We've run into a scenario lately where we need to run a very large workflow (huge data in intermediate steps) many times. We can't do this because Galaxy copies all intermediate steps to all notes, which would bog down the servers too much.

I asked about something similar before and John mentioned the feature to automatically delete intermediate step data in a workflow once it completed, was coming soon. Is that a feature now? That would help.

Ultimately though we can't be copying all this data around to all nodes. The network just isn't good enough, so I have an idea.

What if we have an option on the 'run workflow' screen to only run on one node (eliminating the neat Galaxy concurrency ability for that workflow unfortunately)? Then it just propagates the final step data.

Or maybe only copy to a couple other nodes, to keep concurrency.

If the job errored then in this case I think it should just throw out all the data, or propagate where it stopped.

I've been trying to work on implementing this myself but it's taking me a long time.
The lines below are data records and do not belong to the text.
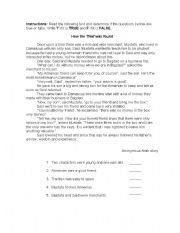 English Worksheet: how the thief was found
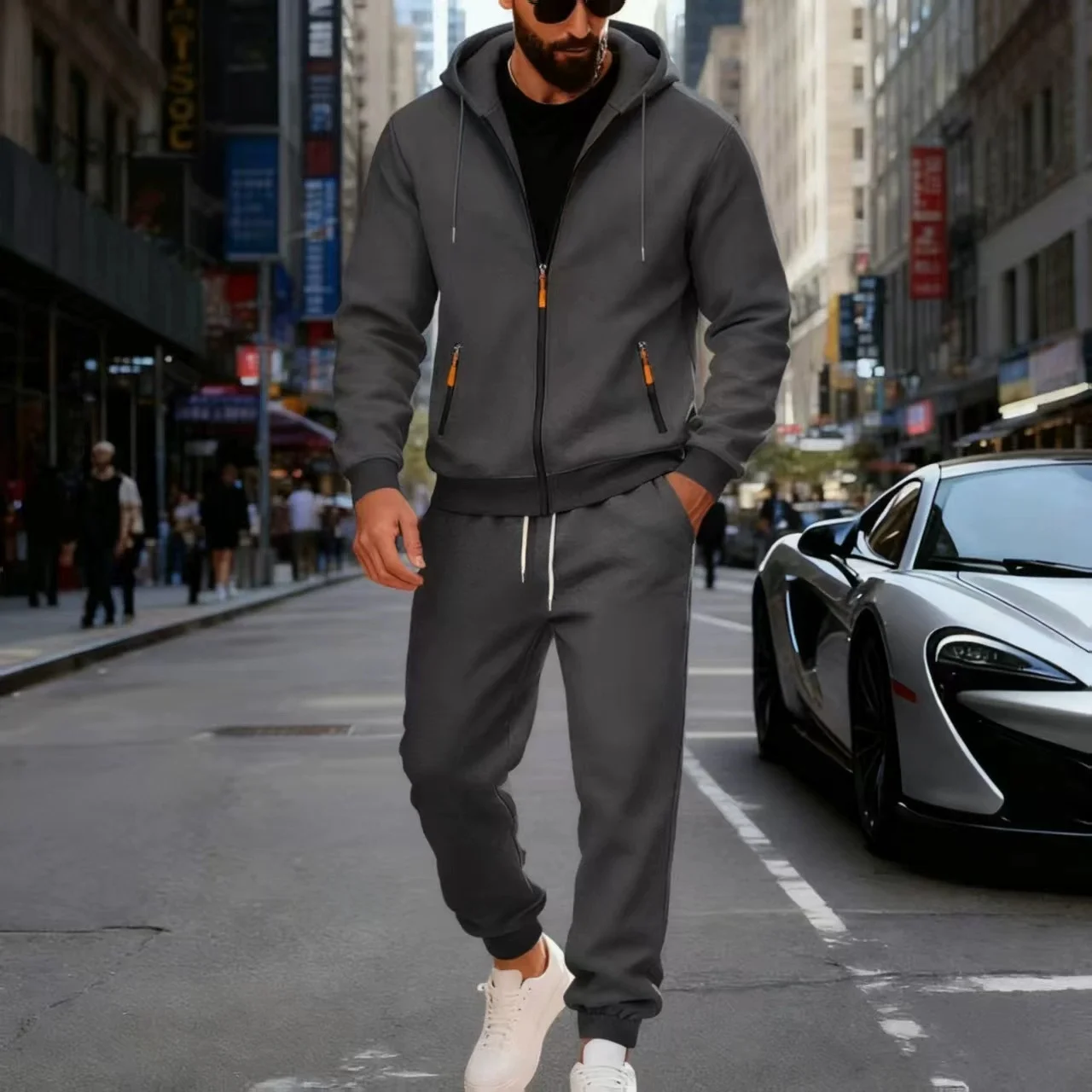 رائجة البيع الرجال تجريب مجموعة زمم هوديس Sweatpants الخريف والشتاء اليومية عادية الرياضة بدلة عدو ممارسة في الهواء الطلق ملابس دافئة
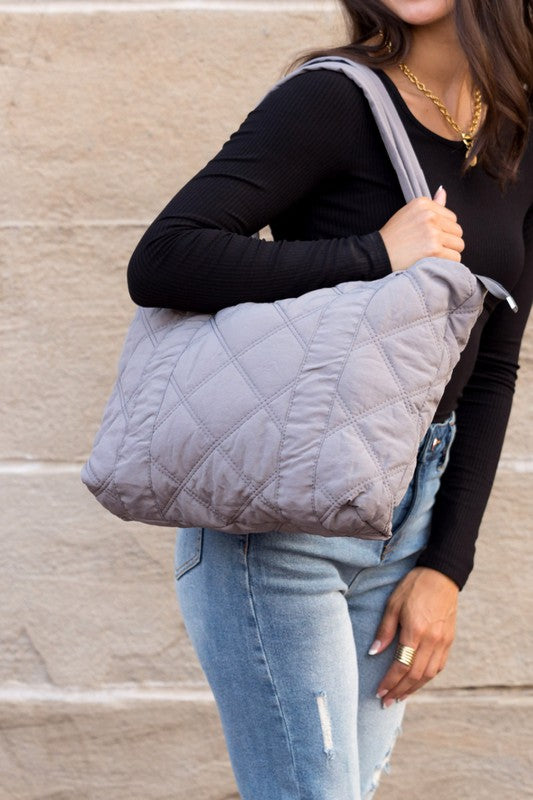 Quilted Puffer Messenger Bag-Tote-Handbag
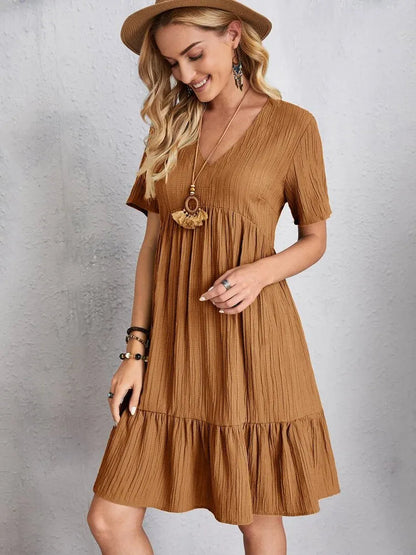 Crepe V-Neck Dress Andorra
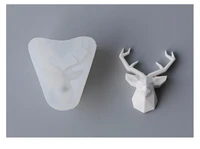 geometric deer head silicone mold home car air outlet ornament aromatherapy plaster molds handmade diy decoration mould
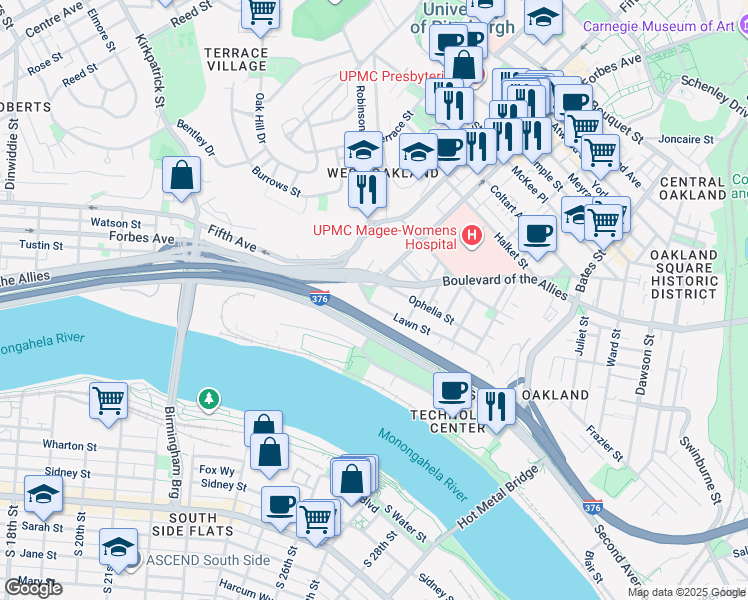 map of restaurants, bars, coffee shops, grocery stores, and more near 202 Ophelia Street in Pittsburgh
I only just started understanding the pyramid stack, and am putting in the checkbox in the run.mako template. I still need to learn the database schema, message passing, and how jobs are stored, and how to tell condor to only use 1 node, (and more I'm sure) in Galaxy. (I'm drowning)

This seems like a really important feature though as Galaxy gains more traction as a research tool for bigger projects that demand working with huge data, and running huge workflows many many times.